À Noël, à travers l’assemblée qui entonne à pleine voix l’hymne des anges, ils sont près de la crèche, célébrant la gloire de Dieu qui entre dans l’histoire. Porte-parole de l’émerveillement des hommes devant ce mystère, ils sont aussi les messagers de Dieu. Présents dès la Genèse, à travers l’ange du Seigneur luttant avec Jacob ou arrêtant le bras d’Abraham, ils ouvrent l’Évangile avec l’Annonciation. Loin de tout angélisme, ils dévoilent aux hommes la sollicitude divine en leur suggérant des réponses inattendues et exigeantes. Ils se révèlent de véritables médiateurs de l’attention et de la proximité de Dieu pour l’homme. Quelle place ont-ils aujourd’hui dans nos liturgies ? Quels sens ont-ils dans nos vies ? Que révèlent-ils des liens entre Dieu et l’homme ?

Les anges sont présents dans la Bible. Ainsi sont, en quelque sorte, définis les anges : des esprits, des êtres spirituels dont nous ne pouvons préciser la nature mais que nous connaîtrons par leur fonction. Ils sont « chargés d’une fonction », d’une mission, comme le laisse entendre l’étymologie du mot grec « angellos », messagers). L’ange a aussi la fonction de messager. L’annonce de la naissance de Jésus à Marie est faite par l’ange Gabriel. Ces anges « messagers » sont comme les ambassadeurs de Dieu. Gabriel « force de Dieu », ainsi que Raphaël « Dieu guérit » et Michel « Qui est comme Dieu ? », le chef des anges, sont les seuls dont le nom est donné dans la Bible.

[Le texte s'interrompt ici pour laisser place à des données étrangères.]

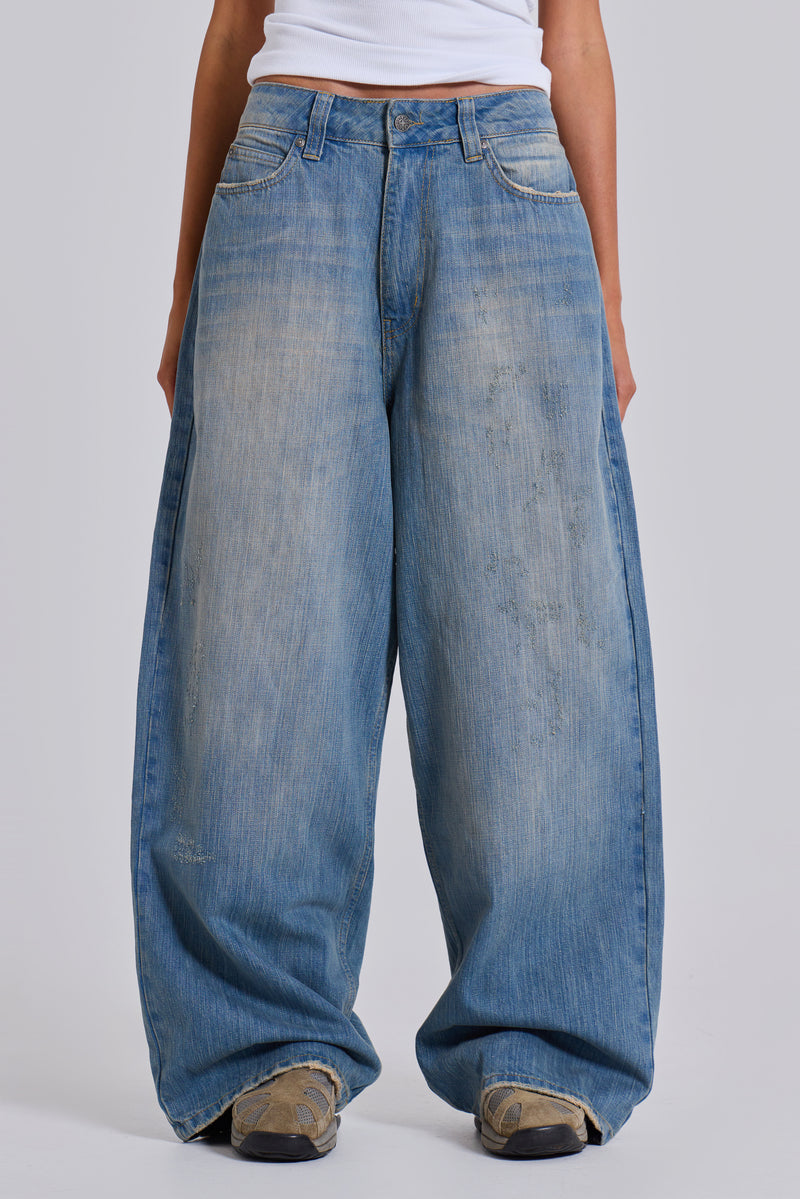 Light Wash Slub XL Colossus Jeans | Jaded London | Clothing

L’Église dit sa foi aux anges gardiens, une notion enracinée dans la Bible, et même dans une parole de Jésus. Voulant prendre soin des petits enfants, Il enseignait en effet que chacun d’eux a un ange pour le protéger et le défendre auprès de Dieu (Mat 18) ; et c’était déjà la confiance du psalmiste : « le Seigneur donne mission à ses anges de te garder sur tous tes chemins » (Ps 90).

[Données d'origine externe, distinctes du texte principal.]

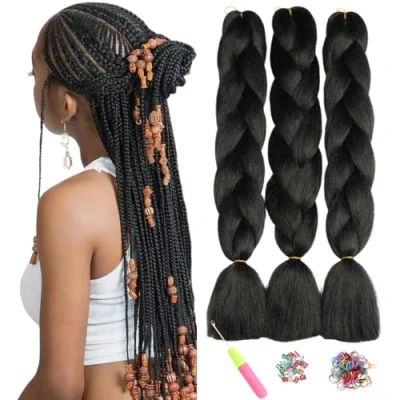 Abbildung von ShowJarlly Schwarz Braids Extension,Kanekalon Kunsthaar Haar, Ombre Jumbo Braid Haarverlängerung 24&quot;, Kanekalon Zöpfe Box Haar Zum Einflechten Für Crochet Twist Flechten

Les anges font partie de la cour céleste, et leur fonction première est de louer le Seigneur : ils chantent, ils chantent sans fin ! Ainsi, lorsque l’Église chante la gloire de Dieu, liturgie terrestre et liturgie céleste sont en écho, en harmonie. En écho à cette louange incessante du Seigneur par les anges, la liturgie de l’Église les mentionne souvent. Après avoir rappelé que l’existence des anges est « une vérité de foi », le Directoire sur la piété populaire et la liturgie souligne que l’Église a été, à ses débuts, « gardée et défendue par le ministère des anges » et que désormais elle « expérimente constamment la protection mystérieuse et puissante » de ces esprits célestes, qu’elle vénère et dont elle sollicite l’intercession. « Dans la liturgie terrestre nous participons par un avant-goût à cette liturgie céleste qui se célèbre dans la sainte cité de Jérusalem… » dit le Concile. À la messe, les anges sont nommés à plusieurs reprises. La liturgie fait également mention des anges lorsqu’elle célèbre les grands événements du salut ; à Pâques, à l’Ascension, à l’Annonciation, à Noël.

Elle consacre aussi à leur mémoire deux jours particuliers : le 29 septembre a lieu la fête des archanges Michel, Gabriel et Raphaël et le 2 octobre honore la mémoire des anges gardiens auxquels saint Bernard, par exemple, était très attaché.